# Just when we thought we were done spending!!!



## 88927 (May 10, 2005)

Hi all
Well the weather stopped us getting our garden sorted out this weekend (anyone got a goat you could lend us??) and as a result I spent a few minutes perusing eBay American site, looking at RV bits and bobs. Unfortunately I came across some beautiful leather captains seats that will look fantastic in Rocky and after making some enquiries about shipping them back to Blighty I went and bought them :roll: :roll: :roll: 
I am so looking forward to getting them now, can't wait... We will put up pictures when they are fitted.

Keith


----------



## GypsyRose (May 9, 2005)

:lol: VERY nice Keith!! Sure you'll ever get up from those wonderful seats?!! Wouldn't mind them in the HOUSE!! Ana x


----------



## 96105 (Aug 23, 2005)

*SEATS*

HI keith
nice seats, ebay :roll: you just carnt help pressing the bid or buy button can you :roll: i have had that bug to do with 
motorhome bits :roll: :lol: :lol:

cheers saruman


----------



## 88927 (May 10, 2005)

Thanks Ana 
Well you cant have them for your house I'm afraid.... they are for Rocky :lol: :lol: :lol: and I havent even got them yet :wink: 
You are right Ray, when it comes to RV bits I do not have too much self control, bit like a kid in a toy store me :roll: :roll: :roll: 

Keith


----------



## 99181 (May 12, 2006)

kands said:


> Thanks Ana
> Well you cant have them for your house I'm afraid.... they are for Rocky :lol: :lol: :lol: and I havent even got them yet :wink:
> You are right Ray, when it comes to RV bits I do not have too much self control, bit like a kid in a toy store me :roll: :roll: :roll:
> 
> Keith


hi keith nice seats...do the swivel?


----------



## vicdicdoc (May 14, 2005)

Money, money, money . . . good in'it :lol:


----------



## artona (Jan 19, 2006)

whens the fitting party

stew


----------



## gromett (May 9, 2005)

artona said:


> whens the fitting party
> 
> stew


Dmn, you beat me to that one :lol: :lol: :lol:

Karl


----------



## 88927 (May 10, 2005)

So many replies, you really are a very nice bunch of people......
Well they dont swivel yet Dave because I havent fitted them (or even got them lol) but they will....

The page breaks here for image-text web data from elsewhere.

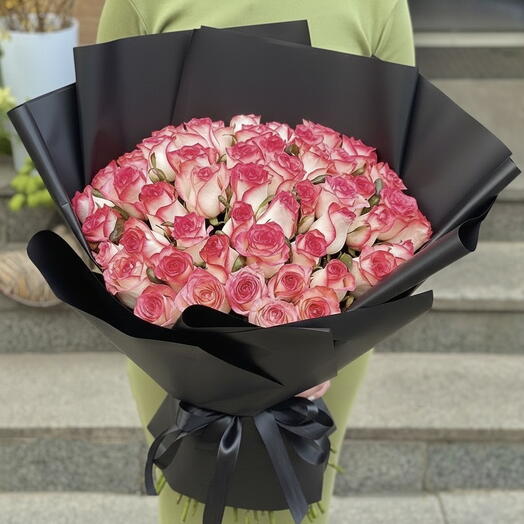 Премиум 51 роза розового цвета в роскошной чёрной упаковке
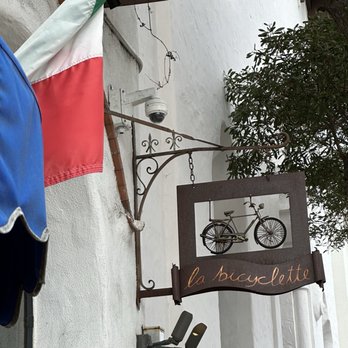 La Bicyclette - Outside - French Near Me - Carmel, California La Bicyclette - Outside - French Near Me - Carmel, California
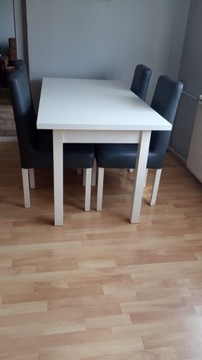 Stół biały + 4 krzesła tapicerowane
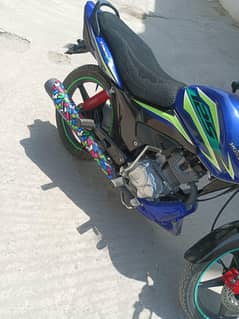 Honda CB 125F total original n achi condition me he bike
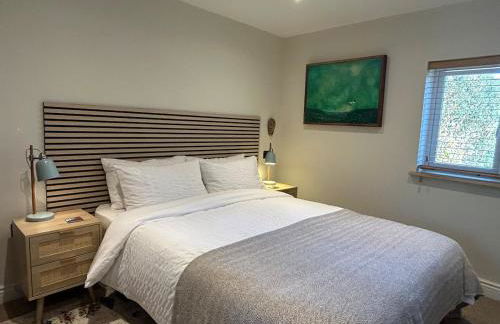 Fresh Modern Home, Stunning Views, Great Location - Foto 16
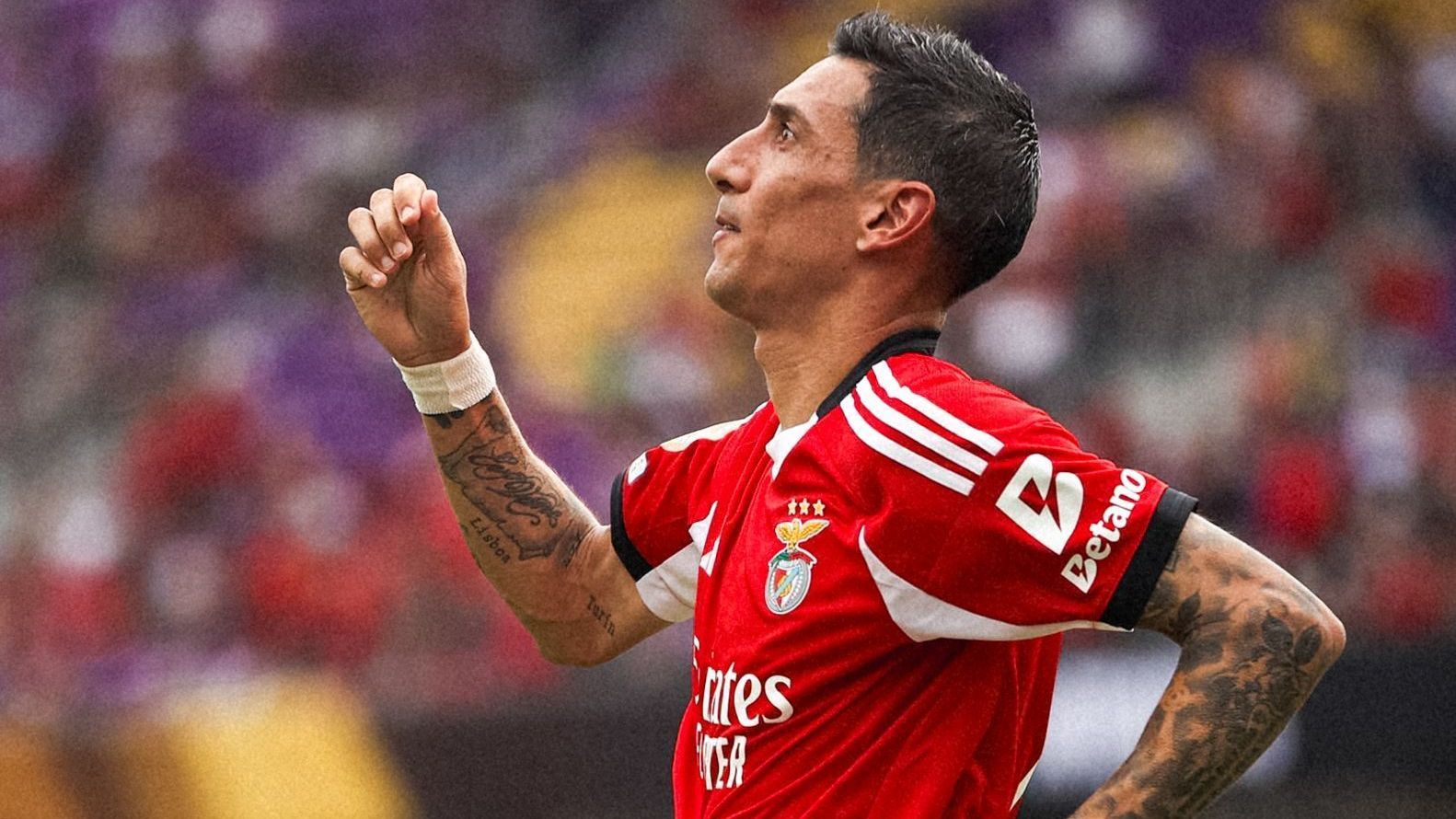Di María comemora gol pelo Benfica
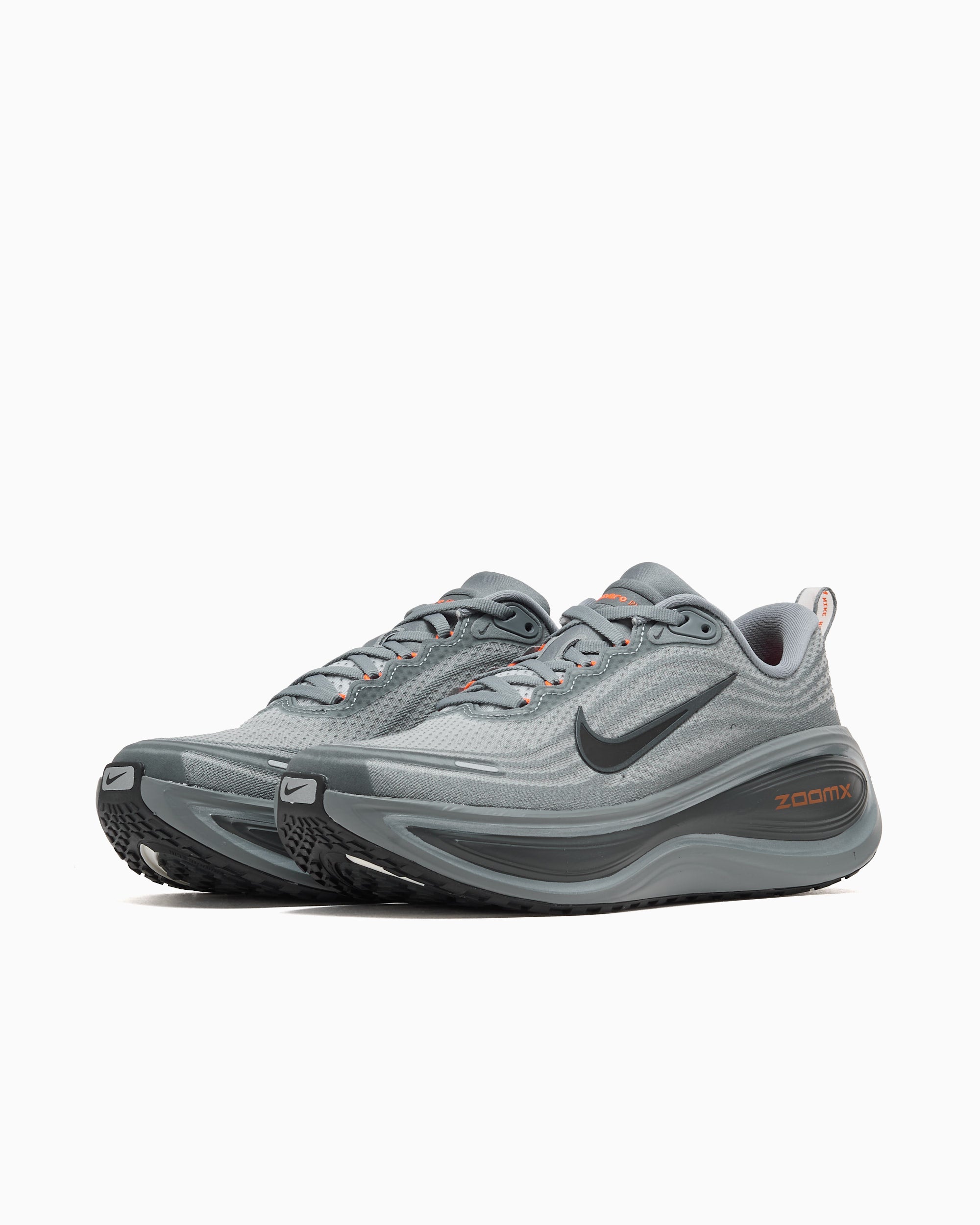 Sneakers Nike Vomero Plus - HV8150-014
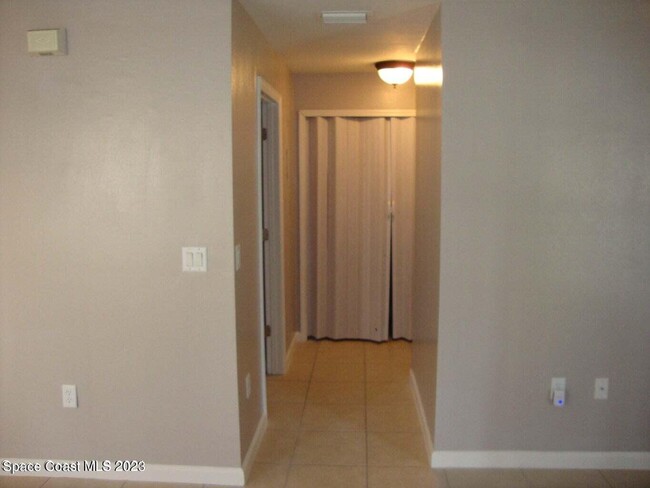Building Photo - 655 Margie Dr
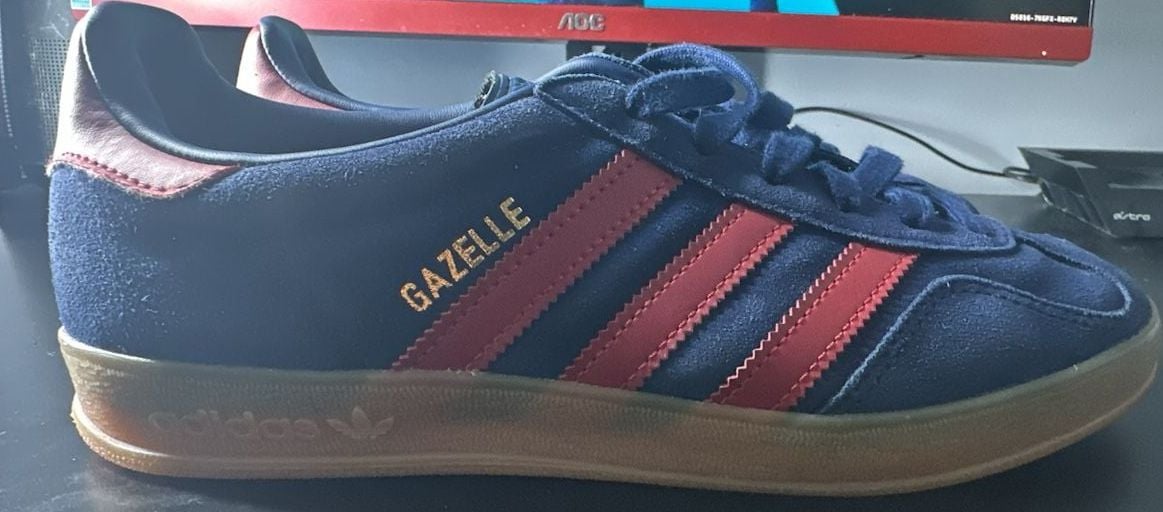 Adidas Originals Gazelle Indoor Sneakers Victory Blue Team Victory Red Gum 4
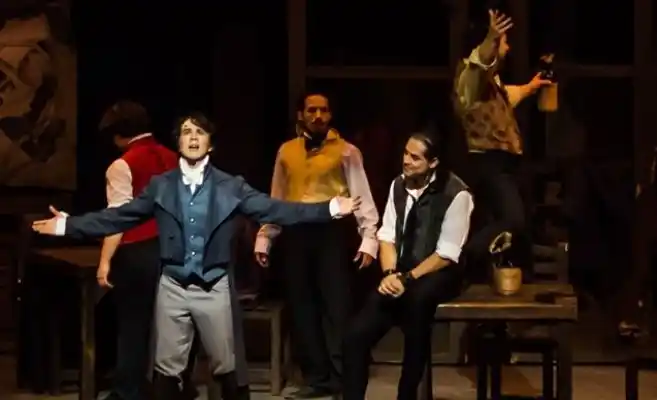 «Los Miserables» celebra por partida doble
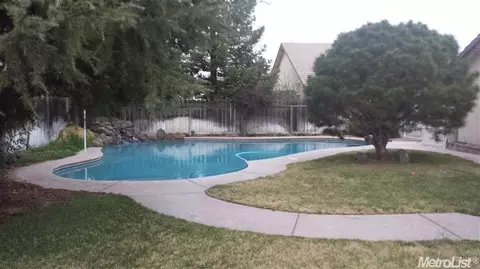 899 Willow Ave, Manteca, CA 95337 photo 11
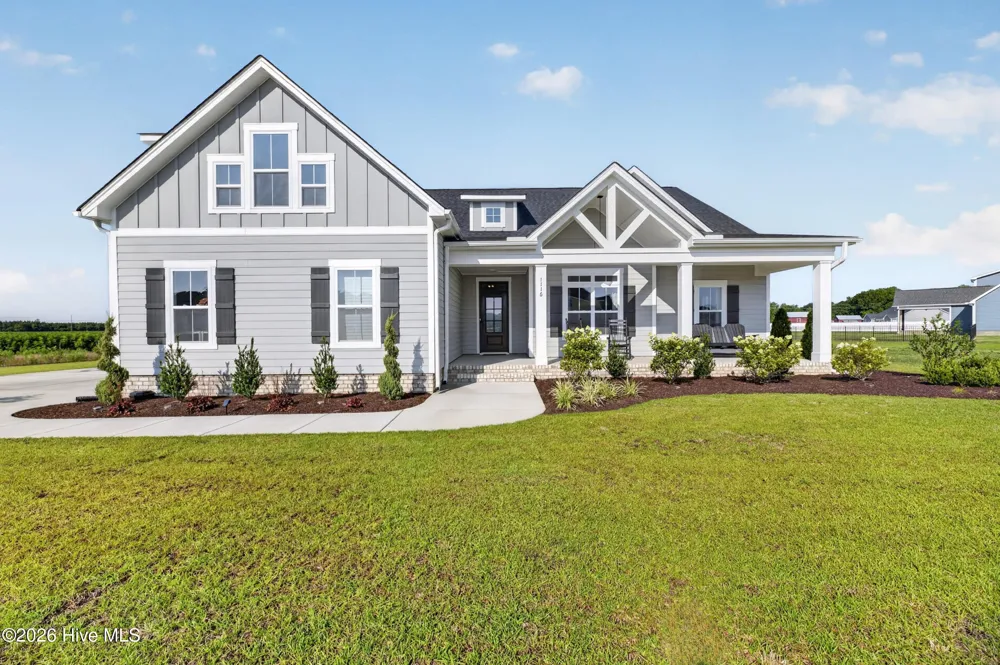 1116 Steele Drive Grimesland, NC 27837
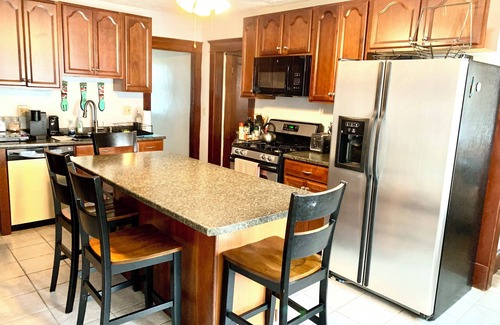 Chicopee Apartamento | Cozy First Floor Apartment. Located in a quiet neighborhood.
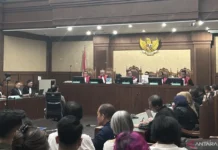Hakim Ringkas Vonis Nadiem yang Setebal 1.146 Halaman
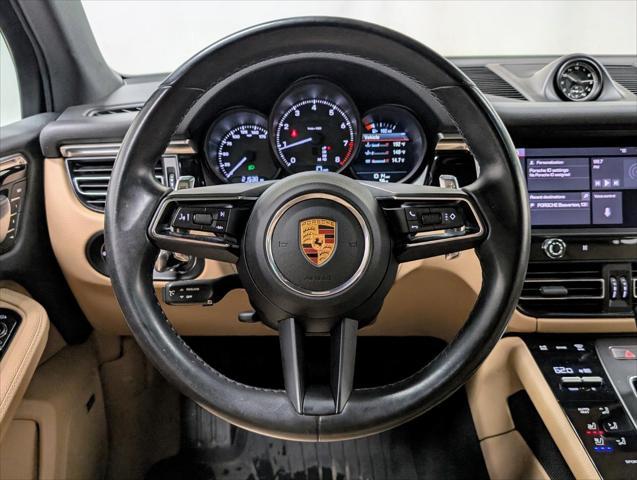 Photo of 2022 White Porsche Macan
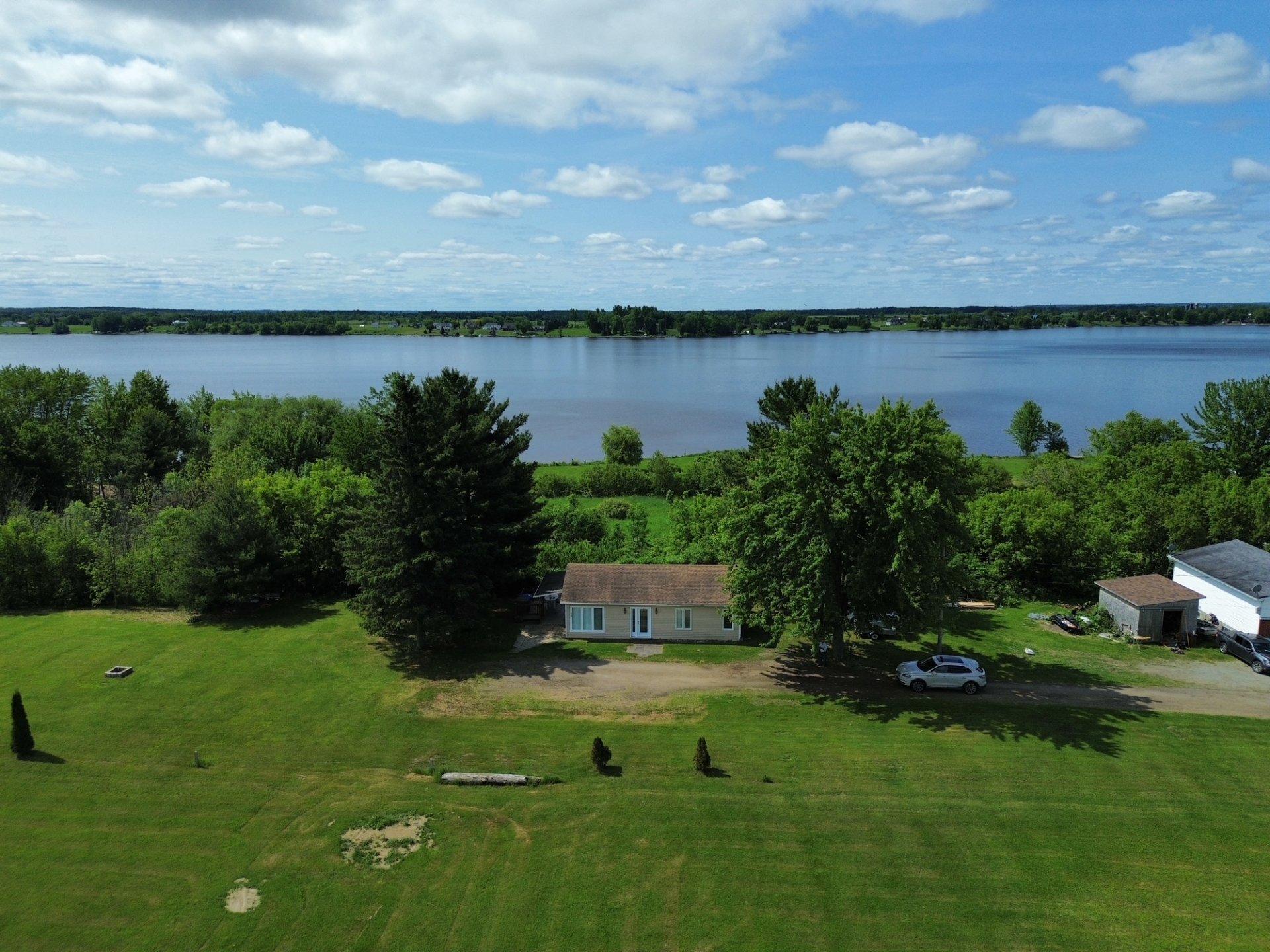 









53


Rue Marguerite

,
Grenville-sur-la-Rouge,




QC
J0V1B0

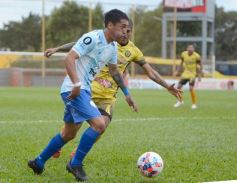 Foto de la galería: Crucero sumó de a tres en casa en el debut de Ricardone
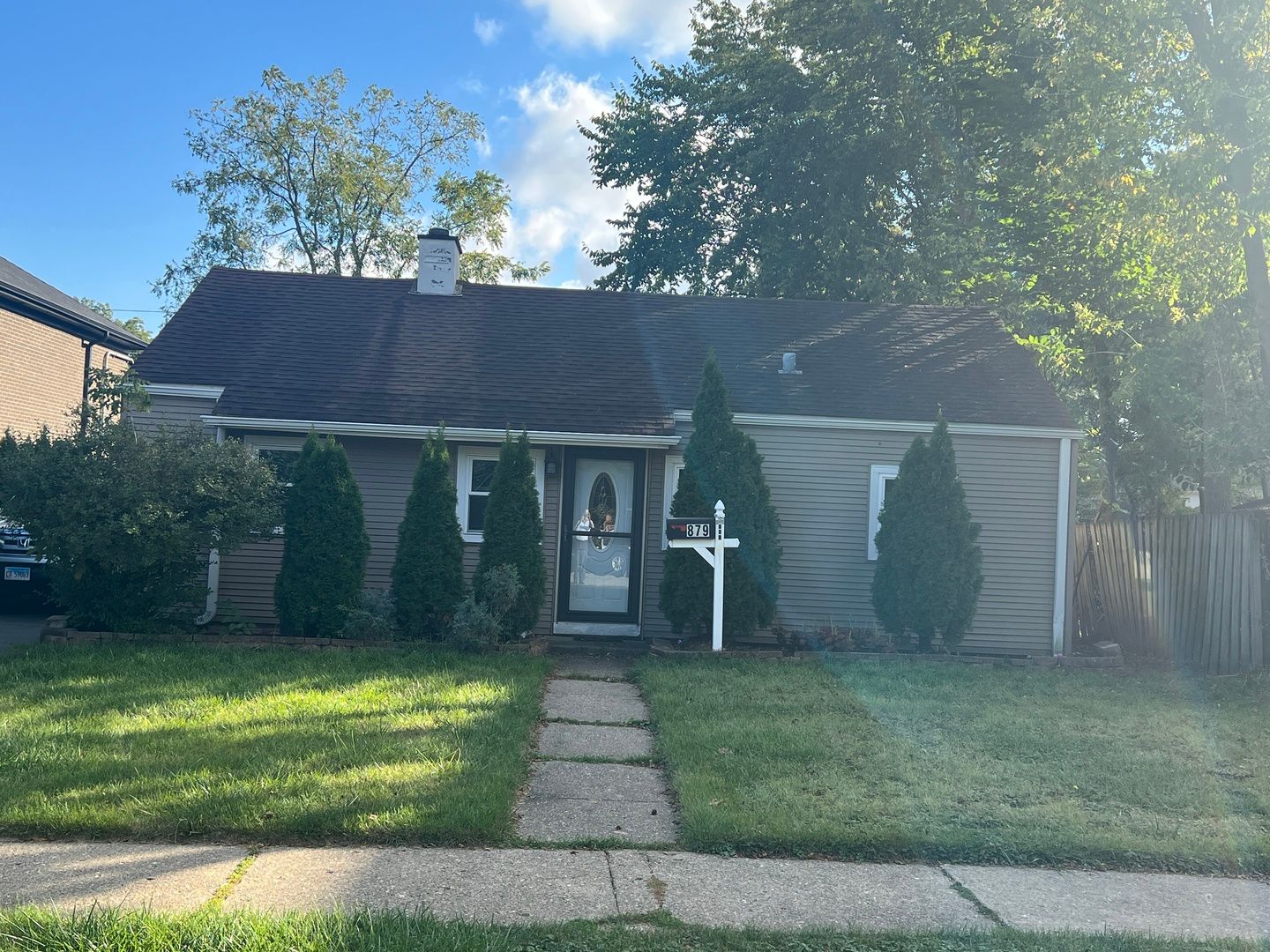 879 North Avenue — Des Plaines, IL 60016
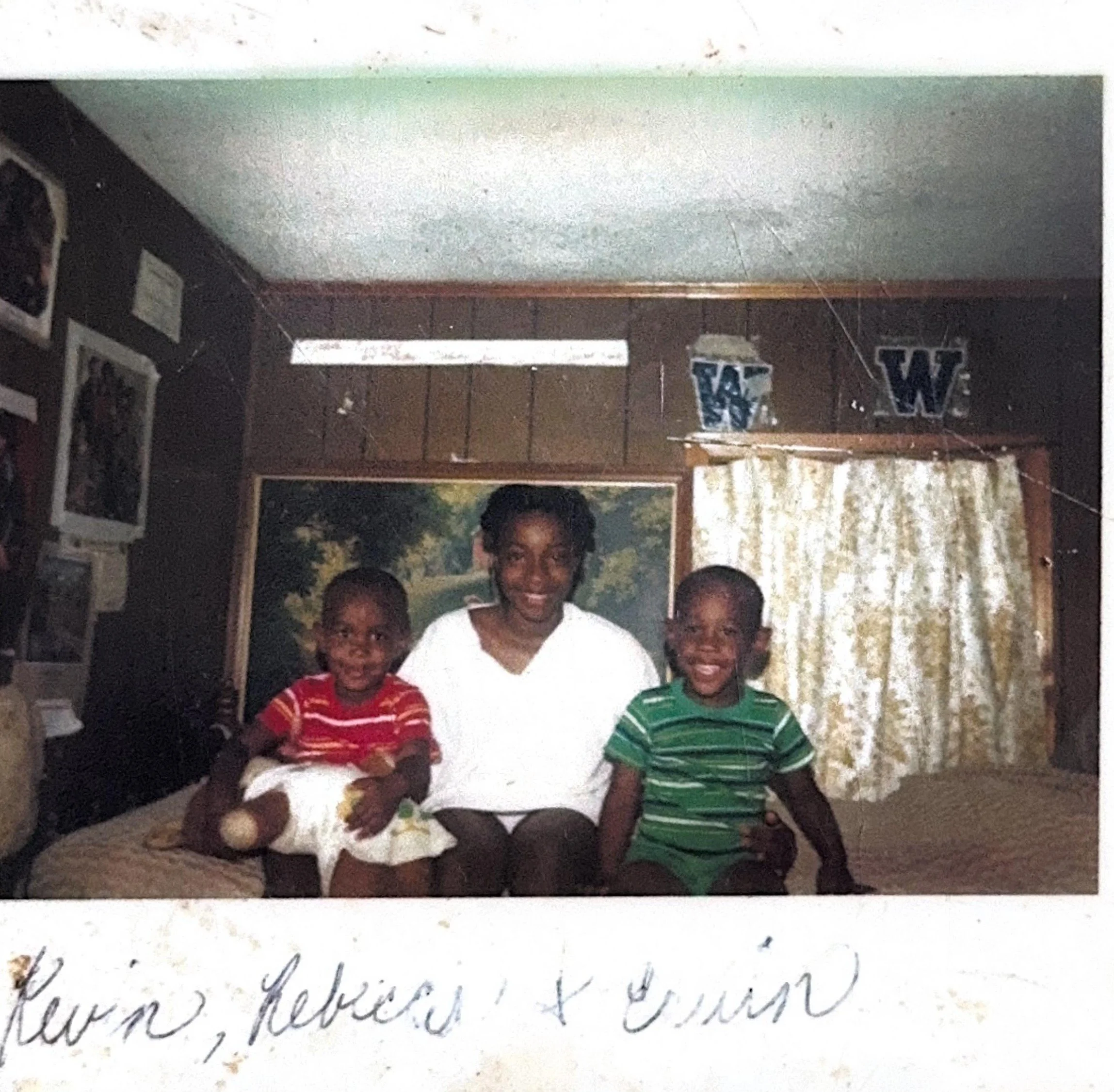 rebecca_kevin_ervinjr_bed_1982.jpg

Money Vic, whats that then???? The little we have after "Gordon the thieving git" has taken most of it goes to good causes, like............. RV bits :lol: :lol: :lol: :lol: 


Fitting party mmmmmmmmmmmm Now that gives me an idea :wink: :wink: :wink: 
(and this time I will not leave the packaging around but will destroy all the evidence by eating it :lol: :lol: )

Keith


----------



## LC1962 (Oct 6, 2005)

Nice seats Keith! 

You'll need a bloomin' big jiffy bag to get them sent :wink: 

:lol: :lol:


----------



## 99181 (May 12, 2006)

Fitting party mmmmmmmmmmmm Now that gives me an idea :wink: :wink: :wink: 
(and this time I will not leave the packaging around but will destroy all the evidence by eating it :lol: :lol: )

Keith[/quote]

fitting party  ill not need to bring a cup then!!!! :lol:


----------



## 88927 (May 10, 2005)

Ok guys, the seats have landed.....
My Chrysler Grand Voyager is now full of grey leather seats in plastic bags :lol: :lol: :lol: 
I will start the fitting tomorrow morning and hope that the "standard 8 x 11 bolt pattern" really is standard so that my seat bases fit without too much messing around.....
I will of course take evidential photos and leave them littered around this site for all to see :lol: :lol: :lol: 

I wish it was light so that I could get started :wink: :wink: 

Keith


----------



## artona (Jan 19, 2006)

its been light now for four hours so I assume they are all fitted LOL

stew


----------



## Snelly (Aug 20, 2005)

Wish he'd hurry up, I wanna see pictures.


----------



## gromett (May 9, 2005)

Come on Keith, get a move on. We all wanna see them fitted. :lol: :lol: :lol: 

Karl


----------



## 88927 (May 10, 2005)

OK all you impatient lot :lol: :lol: :lol: 
Here is a quick piccy of the seats fitted into Rocky!!!!
There are more in our album, so if you don't find pictures of motorhomes (or parts of them) to scary :lol: :lol: :lol: please feel free to take a look.
We think these seats look the business and love them......
Thanks for all your comments guys, see you all soon

Keith


----------



## LC1962 (Oct 6, 2005)

Super job Keith...they look the business!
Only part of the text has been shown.